(Items from a dataset)

=-=-=-=-=

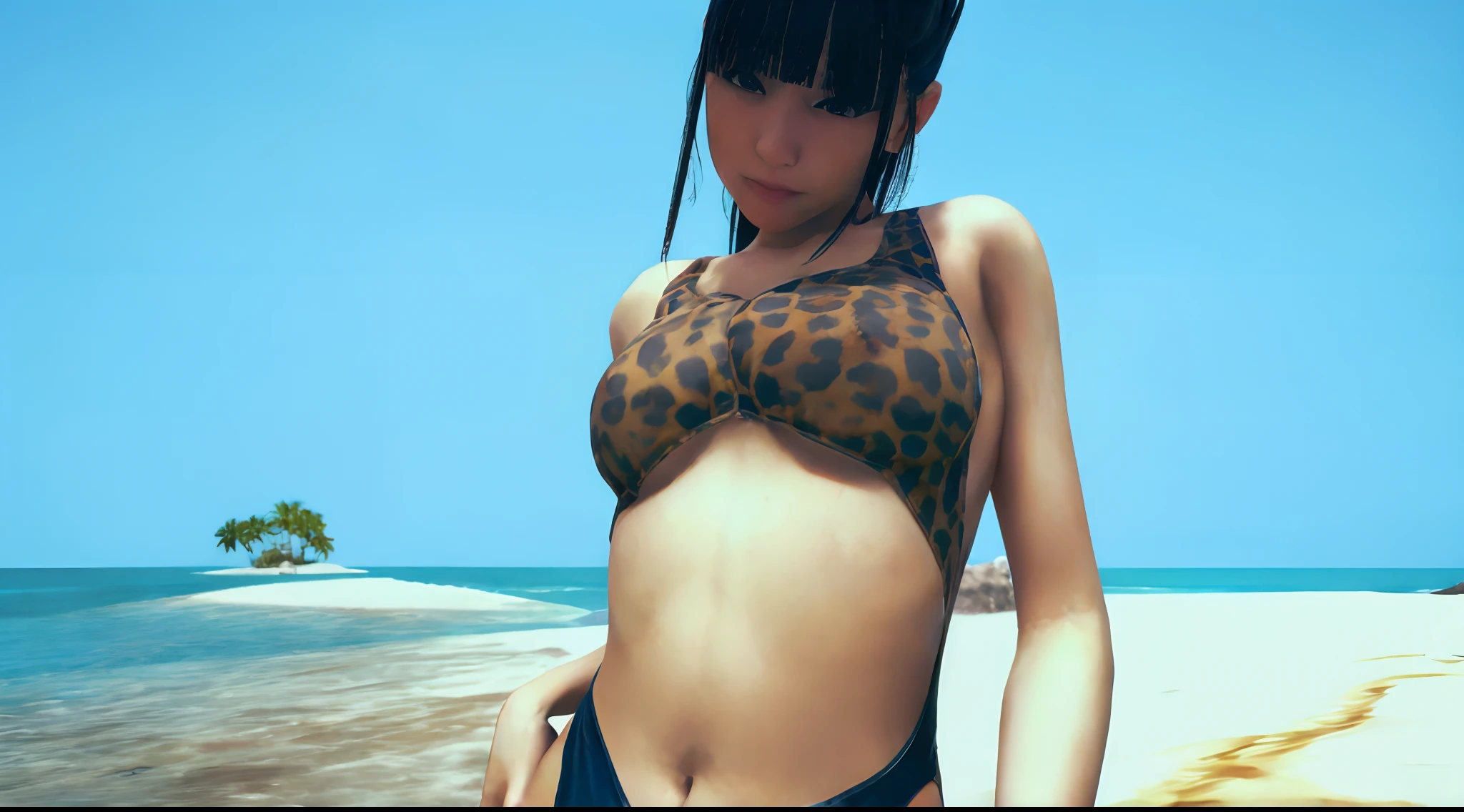 there is a woman in a bikini standing on a beach, realistic bikini, attire: bikini of, Photorealistic perfect body, [ 4 k photorealism ]!!, Swimsuit, wearing a swimming wear, wearing two - piece swimsuit, realistic shaded perfect body, [ 4 k photorealism ]!!!, Asuka as a surfer model, standing near the beach, Posing on the beach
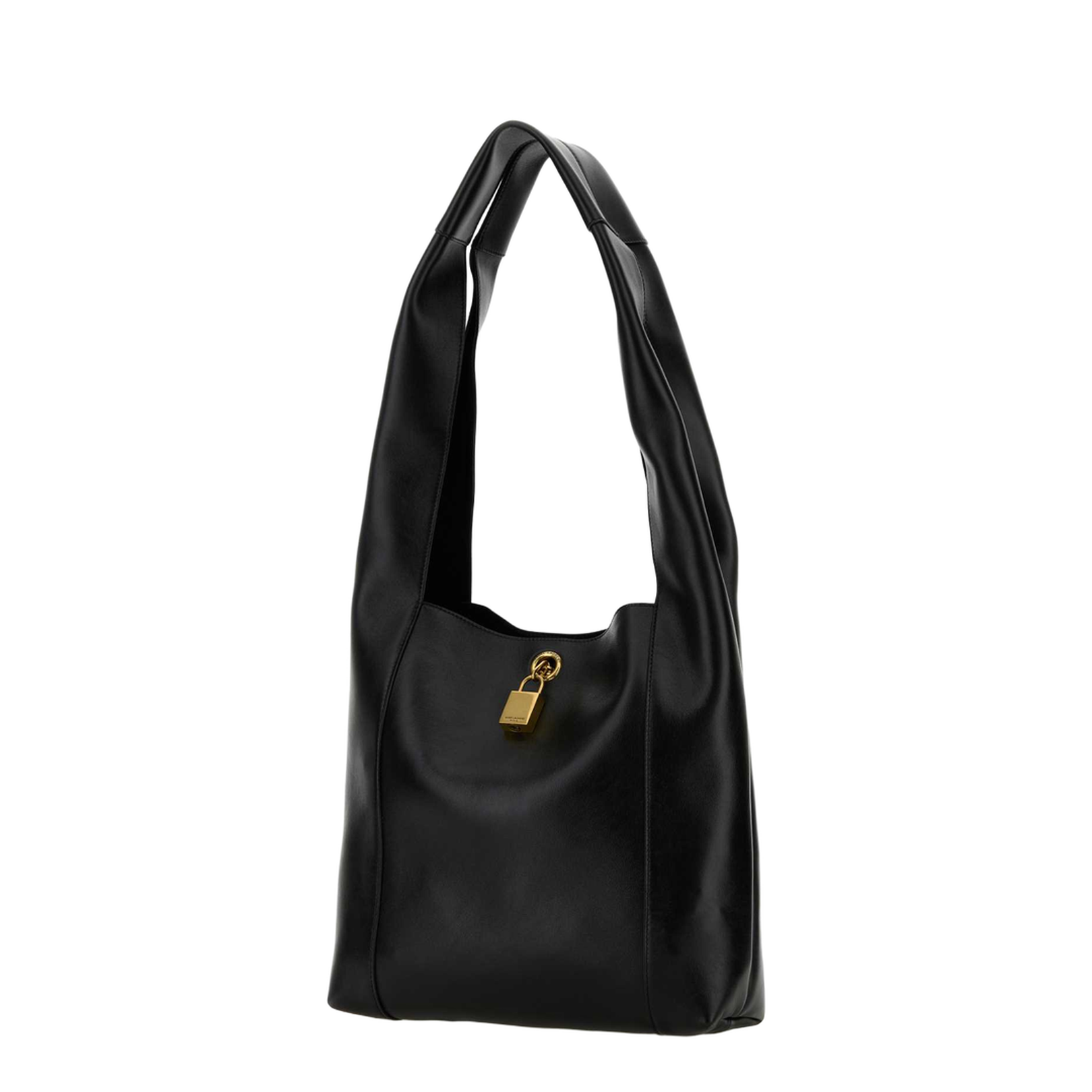 Black Leather Tanger Shopping Bag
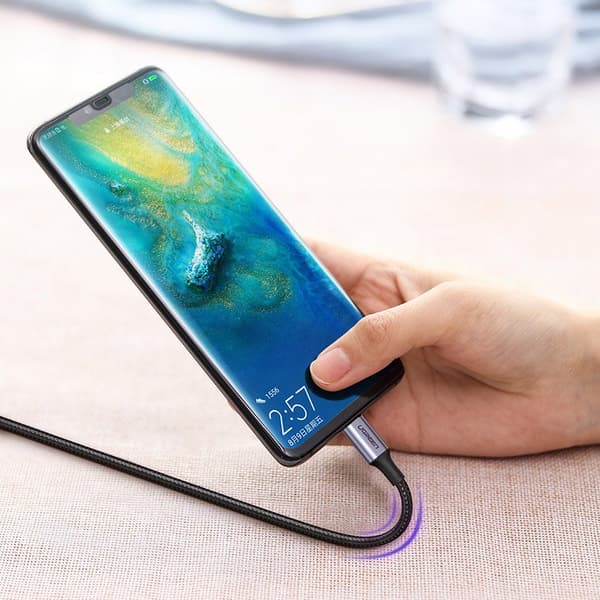USB-C - USB-C Power Delivery Quick Charge -kaapeli 2 m - harmaa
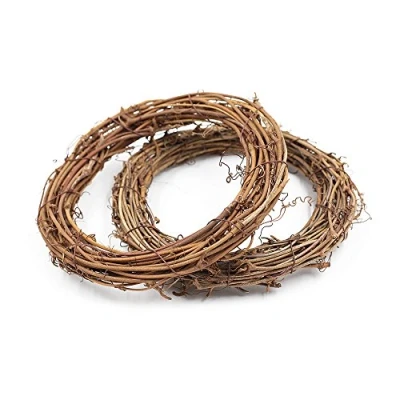 Image of Grapevine Rattan Wreath Hanging Wedding Christmas Party Twiggy Garland Home Decoration(15cm) Pack of 5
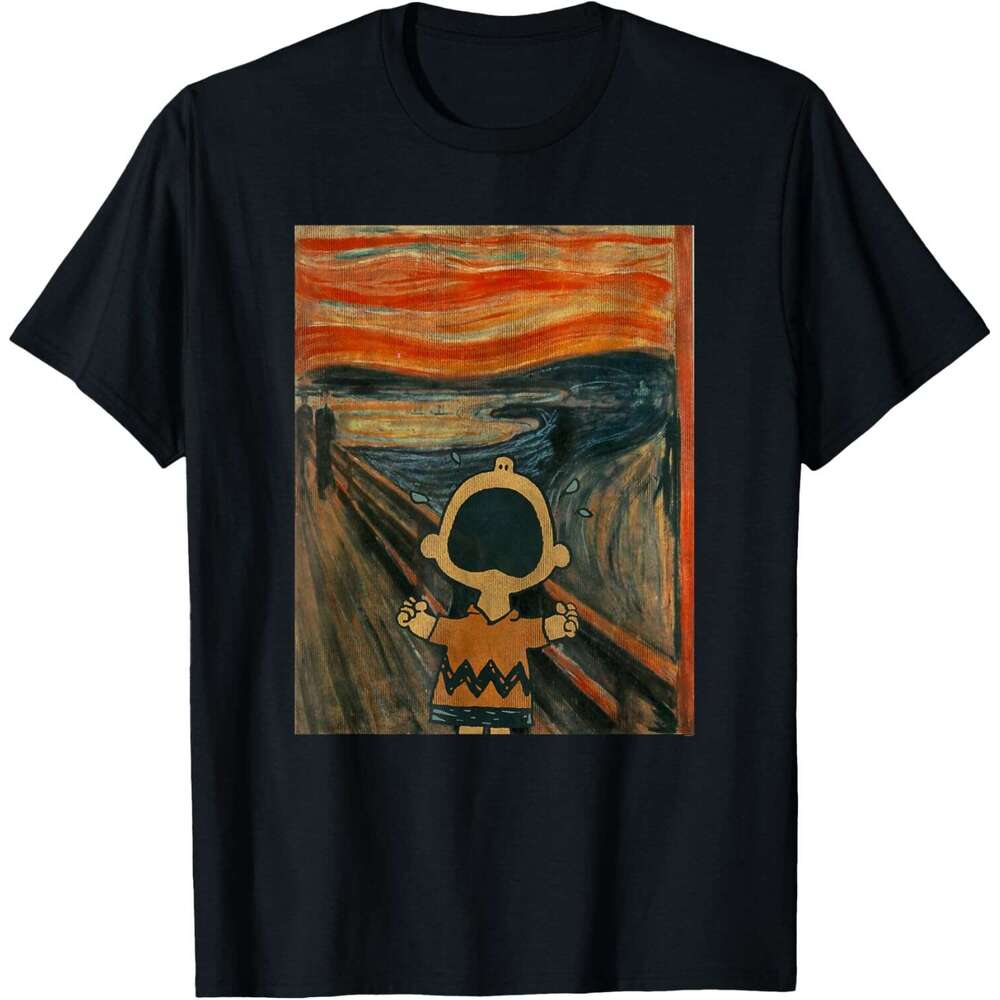 T shirt Mens Charlie Brown Scream Artsy T-Shirt shirts tshirt graphic tee Casual tops summer clothes Short sleeve Free shipping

=-=-=-=-=

All records must be output exactly as they are, except for the pictures, which are left out.

 there is a woman in a bikini standing on a beach, realistic bikini, attire: bikini of, Photorealistic perfect body, [ 4 k photorealism ]!!, Swimsuit, wearing a swimming wear, wearing two - piece swimsuit, realistic shaded perfect body, [ 4 k photorealism ]!!!, Asuka as a surfer model, standing near the beach, Posing on the beach
 Black Leather Tanger Shopping Bag
USB-C - USB-C Power Delivery Quick Charge -kaapeli 2 m - harmaa
 Image of Grapevine Rattan Wreath Hanging Wedding Christmas Party Twiggy Garland Home Decoration(15cm) Pack of 5
 T shirt Mens Charlie Brown Scream Artsy T-Shirt shirts tshirt graphic tee Casual tops summer clothes Short sleeve Free shipping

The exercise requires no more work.